Des solutions qui émergent… mais à consolider

Face à ces freins, des initiatives voient le jour et méritent d’être généralisées ou renforcées :

  • Mise en place de comités territoriaux de coordination (type CPTS) impliquant plus largement tous les acteurs, quels que soient leur statut et leur taille.
  • Formation croisée : des professionnels de structures différentes participent à des formations communes sur le repérage de la fragilité, la gestion des crises, la connaissance des ressources locales.
  • Soutien à la mutualisation d’outils numériques réellement interopérables.
  • Mobilisation de l’expertise « usager » : davantage d’associations d’usagers ou de représentants de familles participent aux décisions stratégiques de certains réseaux locaux.
  • Expérimentation de financements pluriannuels et d’enveloppes mutualisées pour porter ensemble des actions de prévention ou d’accompagnement.

Pistes pour renouveler l’organisation territoriale

Pour dépasser les obstacles actuels, la Champagne-Ardenne ou tout autre territoire comparable pourrait s’appuyer sur les recommandations suivantes :

  1. Cartographier et rendre visibles les acteurs et ressources locales au-delà des référentiels institutionnels.
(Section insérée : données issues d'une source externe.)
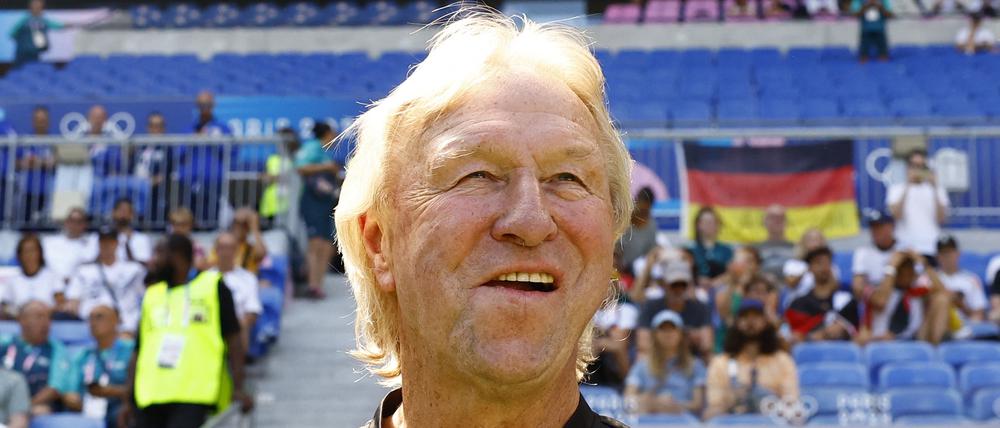 Horst Hrubesch geht mit einem Lächeln auf den Lippen.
Un annuaire interactif actualisé, porté par les acteurs du terrain, faciliterait l’orientation et la prise de contact.
  2. Favoriser une gouvernance partagée impliquant institutionnels, associatifs, collectivités et usagers autour d’objectifs communs annuels.
  3. Développer la formation continue à la coordination, intégrant le management d’équipe pluridisciplinaire et l’appropriation des outils numériques.
  4. Stabiliser les financements sur au moins trois ans pour sécuriser les emplois clés et permettre la maturation des projets à moyen terme.
  5. Créer de réelles communautés professionnelles de pratique : espaces hybrides, numériques et physiques, où les échanges informels sont encouragés et valorisés.
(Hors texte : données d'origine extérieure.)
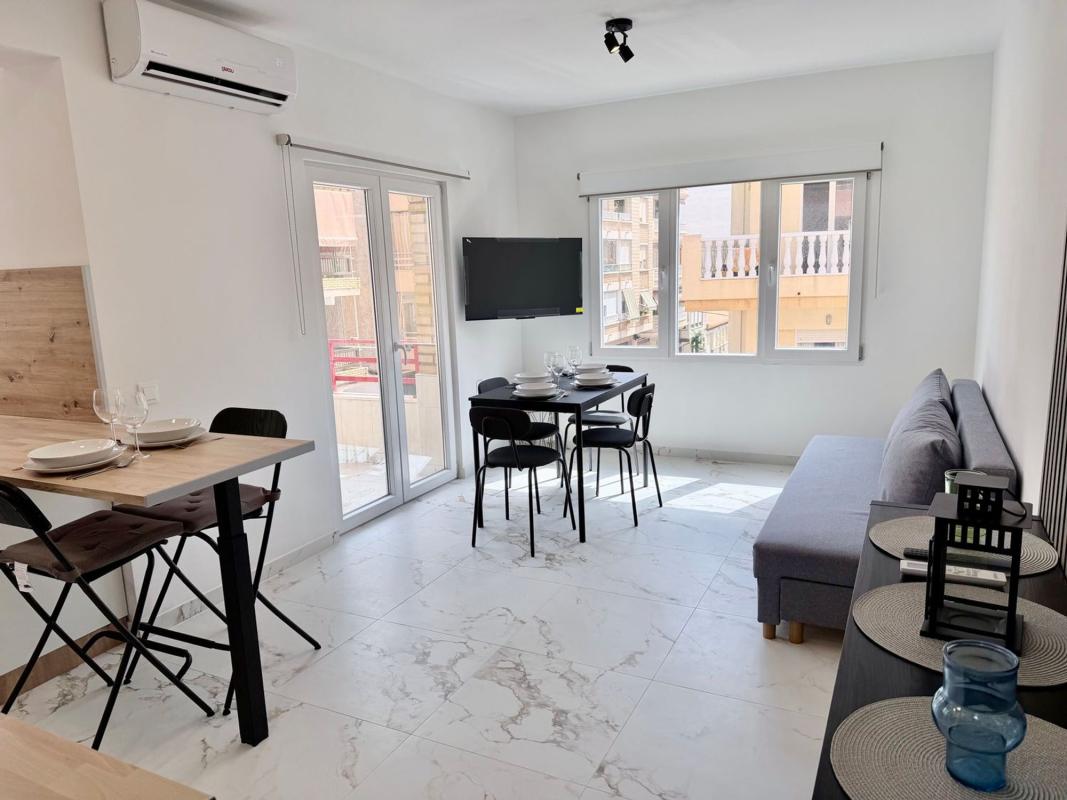 Продажа квартиры на Piso en Calle Caballero de Rodas, 104, Las Piscinas Naturales, Torrevieja, Торревьеха
photo 1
Les étapes restent ambitieuses, mais elles s’appuient sur des expériences locales qui montrent que la mobilisation collective profite directement à l’accompagnement des personnes âgées et à la qualité de vie au travail des professionnels.
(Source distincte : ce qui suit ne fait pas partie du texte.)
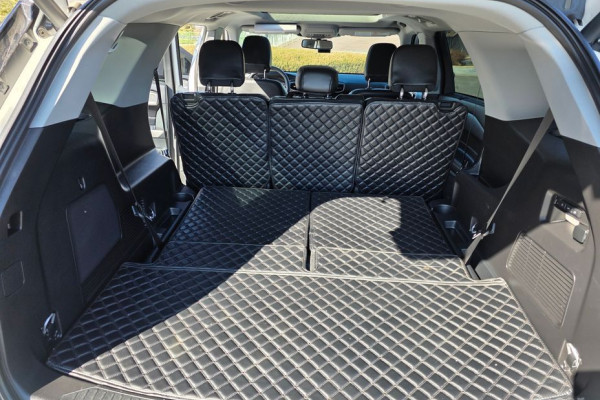 2023 Ford Explorer с пробегом 28 550 км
Vers une dynamique plus lisible, plus efficace, plus humaine

La bonne organisation des réseaux gériatriques ne se décrète pas, elle se construit dans le temps, à partir des réalités du territoire et des besoins des acteurs. Si les freins sont nombreux — dispersion, financements instables, difficultés de recrutement, manque d’outils partagés, barrières culturelles — ils ne sont pas insurmontables. À chaque étape, des exemples locaux prouvent qu’en investissant sur la coopération, la formation et la stabilité, il est possible de franchir de nouveaux paliers vers une coordination plus fluide et plus utile pour le grand âge en Champagne-Ardenne.